Ik werk met enkele lesdoelen, expliciete directe instructie, extra veel inoefening en herhalen. Daarnaast leer ik de leerlingen hardop je stappen benoemen en jouw antwoord bespreken met je buur. In volledige en grammaticaal juiste Nederlandse zinnen. En dat laatste blijkt al moeilijk genoeg.
Daarnaast bespreek ik iedere les minimaal één moeilijkheid in onze taal. En dat is nooit een moeilijkheid die ik van te voren bedenk.
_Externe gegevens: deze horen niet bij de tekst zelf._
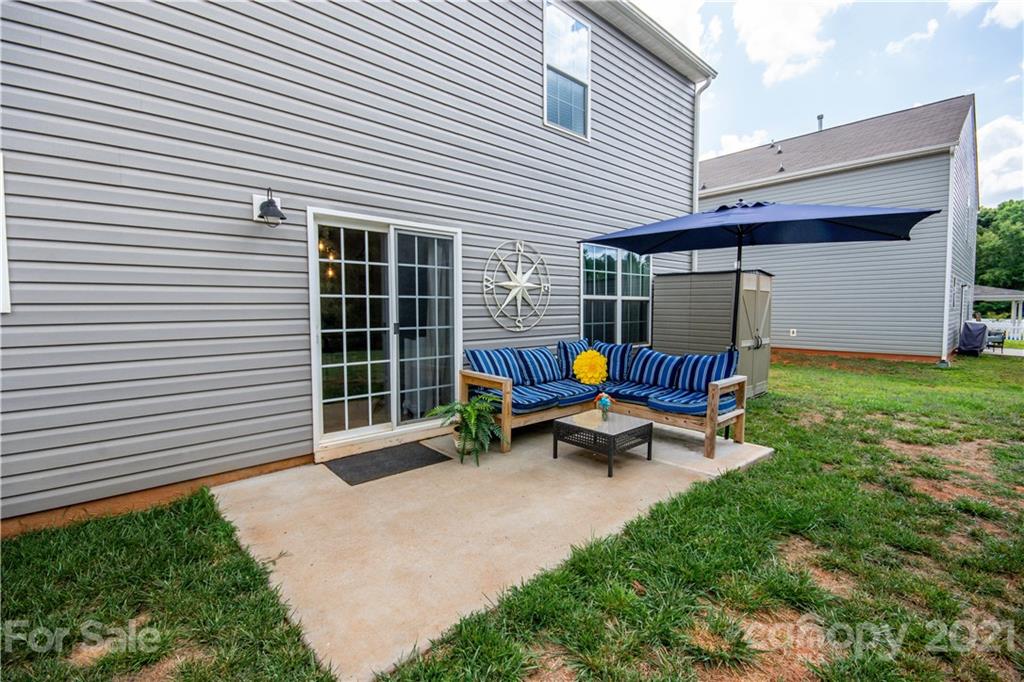 129 Mossy Pond Road Statesville, NC 28677 - Photo 39 of 47 a view of a lounge chair in the back yard of the house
We lopen er altijd als vanzelfsprekend tegenaan.
Praktijkvoorbeeld 1
De chauffeur zit op de bus.
Wij stappen ook op de bus.
Maar we zitten niet boven op de bus, zoals in India.
Wij gaan met de bus.
Als we te laat zijn, rennen we naar de bus.
En dan zitten we in de bus.
De postbode gooit de brief ook in de bus.
En de chauffeur zegt: Ho eens even… die brief hoort daar niet.
Als leerlingen hier om kunnen lachen, weet ik dat ze beginnen met het begrijpen van onze taal. Zo laat ik ook graag fragmenten horen uit onze rijke cabaretgeschiedenis en lees ik grappige gedichten voor. Glimlachjes, brandende lampjes boven hoofden en niet-begrijpende blikken zeggen mij meer over over het begrip van de Nederlandse taal dan welke Cito-toets dan ook.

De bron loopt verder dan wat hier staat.